Environmental watchdog should be ‘jointly owned’ by all four UK nations
The new environmental watchdog Defra Secretary Michael Gove has promised to set up will be more robust if it is ‘designed and owned jointly’ by all four nations of the UK, according to a new Institute for Government (IFG) report.
Last November, Mr Gove took the decision to establish a new English regulator to replace the European Commission, which has taken legal action against the UK several times for failing to meet EU environmental standards.
There had been concerns that a failure to replace this body would lead to a ‘governance gap’.
In its report, the IFG recommended the regulator report to and be co-funded by all four legislatures, not Governments, of the UK to make it more independent and less likely to be abolished.
“Government can change objectives, as they did when they removed the child poverty targets in the Welfare Reform and Work Act 2016”, the paper read.
“Creating a UK-wide watchdog, established in legislation, scrutinised and passed by all four parliaments, and jointly owned by all four Governments, would make it harder for the UK Government to abolish or weaken it in the future.
“Standards could not easily be undercut, and the institution would speak with greater authority.”
The IFG also called for an ‘urgent review’ of how the four nations of the UK work together in light of Brexit.
At the moment, the UK Government and devolved regions discuss issues relevant to devolution through the Joint Ministerial Committee (JMC), but there has been criticism of the effectiveness of the body since the EU referendum.
Only the UK Government has the power to convene the JMC, but it has preferred to insist on bilateral discussions with the devolved regions while Brexit talks are ongoing.

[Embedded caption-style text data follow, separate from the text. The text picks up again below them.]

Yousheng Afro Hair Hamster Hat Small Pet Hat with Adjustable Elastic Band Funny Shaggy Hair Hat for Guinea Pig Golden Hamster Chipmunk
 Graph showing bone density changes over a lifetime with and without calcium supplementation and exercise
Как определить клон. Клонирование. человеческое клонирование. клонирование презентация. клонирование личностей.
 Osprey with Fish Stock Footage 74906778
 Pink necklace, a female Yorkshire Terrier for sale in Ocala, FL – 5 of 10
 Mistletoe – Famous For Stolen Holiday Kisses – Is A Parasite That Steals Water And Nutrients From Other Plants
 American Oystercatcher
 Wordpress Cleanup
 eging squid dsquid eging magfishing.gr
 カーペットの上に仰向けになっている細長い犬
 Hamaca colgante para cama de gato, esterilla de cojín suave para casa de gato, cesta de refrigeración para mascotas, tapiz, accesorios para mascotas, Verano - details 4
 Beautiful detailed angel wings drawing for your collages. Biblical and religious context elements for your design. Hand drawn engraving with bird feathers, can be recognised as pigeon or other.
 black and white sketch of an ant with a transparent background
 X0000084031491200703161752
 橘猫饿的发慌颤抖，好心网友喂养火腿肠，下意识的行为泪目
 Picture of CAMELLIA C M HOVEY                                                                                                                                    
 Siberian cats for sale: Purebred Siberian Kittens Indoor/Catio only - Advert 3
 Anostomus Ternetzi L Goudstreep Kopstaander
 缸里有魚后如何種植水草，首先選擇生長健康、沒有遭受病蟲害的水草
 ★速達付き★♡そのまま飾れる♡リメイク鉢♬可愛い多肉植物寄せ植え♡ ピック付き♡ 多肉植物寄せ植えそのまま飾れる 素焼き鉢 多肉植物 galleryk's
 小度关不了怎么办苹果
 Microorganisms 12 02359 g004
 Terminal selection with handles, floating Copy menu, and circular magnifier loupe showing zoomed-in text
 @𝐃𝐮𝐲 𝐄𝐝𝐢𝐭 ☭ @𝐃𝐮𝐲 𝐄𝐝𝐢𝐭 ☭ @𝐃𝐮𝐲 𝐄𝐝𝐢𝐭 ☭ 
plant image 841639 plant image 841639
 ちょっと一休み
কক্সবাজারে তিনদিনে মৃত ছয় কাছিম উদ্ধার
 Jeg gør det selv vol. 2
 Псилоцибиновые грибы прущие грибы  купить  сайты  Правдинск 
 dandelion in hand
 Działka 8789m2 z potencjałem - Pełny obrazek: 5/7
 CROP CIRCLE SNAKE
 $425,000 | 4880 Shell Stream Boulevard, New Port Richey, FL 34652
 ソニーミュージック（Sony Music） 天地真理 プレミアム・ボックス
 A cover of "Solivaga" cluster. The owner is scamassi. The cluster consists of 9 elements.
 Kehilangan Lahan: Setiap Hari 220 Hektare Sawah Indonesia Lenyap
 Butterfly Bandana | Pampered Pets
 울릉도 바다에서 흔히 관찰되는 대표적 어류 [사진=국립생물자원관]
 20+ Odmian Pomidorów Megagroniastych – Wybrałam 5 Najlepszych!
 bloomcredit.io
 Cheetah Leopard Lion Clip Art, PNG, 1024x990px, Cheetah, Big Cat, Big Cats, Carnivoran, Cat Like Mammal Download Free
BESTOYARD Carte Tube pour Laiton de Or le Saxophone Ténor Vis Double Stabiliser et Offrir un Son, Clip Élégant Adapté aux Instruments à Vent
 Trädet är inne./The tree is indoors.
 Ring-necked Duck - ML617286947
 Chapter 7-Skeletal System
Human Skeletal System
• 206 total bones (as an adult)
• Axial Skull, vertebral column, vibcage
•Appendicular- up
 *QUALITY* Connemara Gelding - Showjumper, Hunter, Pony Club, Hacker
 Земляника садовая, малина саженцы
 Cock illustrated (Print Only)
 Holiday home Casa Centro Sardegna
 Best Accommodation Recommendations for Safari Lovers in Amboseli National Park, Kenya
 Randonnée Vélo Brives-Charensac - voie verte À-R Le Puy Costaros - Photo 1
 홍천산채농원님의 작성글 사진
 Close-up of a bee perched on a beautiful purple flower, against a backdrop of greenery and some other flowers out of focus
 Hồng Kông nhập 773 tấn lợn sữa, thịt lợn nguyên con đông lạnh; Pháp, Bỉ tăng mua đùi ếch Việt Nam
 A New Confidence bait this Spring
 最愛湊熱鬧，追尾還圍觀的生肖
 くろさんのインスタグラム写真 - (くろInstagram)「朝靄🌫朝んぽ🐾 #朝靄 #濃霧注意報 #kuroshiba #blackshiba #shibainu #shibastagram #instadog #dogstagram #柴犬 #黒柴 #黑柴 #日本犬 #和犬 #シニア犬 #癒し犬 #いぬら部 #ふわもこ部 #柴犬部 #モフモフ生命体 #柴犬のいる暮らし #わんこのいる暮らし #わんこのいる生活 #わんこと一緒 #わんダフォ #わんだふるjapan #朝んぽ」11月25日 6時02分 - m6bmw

The report recommended the Minister for the Cabinet Office work with the devolved regions to ensure the JMC has a fixed timetable of meetings, including an annual ‘plenary’, which have jointly agreed agendas.
It also said new mechanisms to solve technical disputes outside of politically contentious ministerial forums should be established, and JMC sub-committees on topics such as international trade should be set up to provide a ‘forum for consultation’.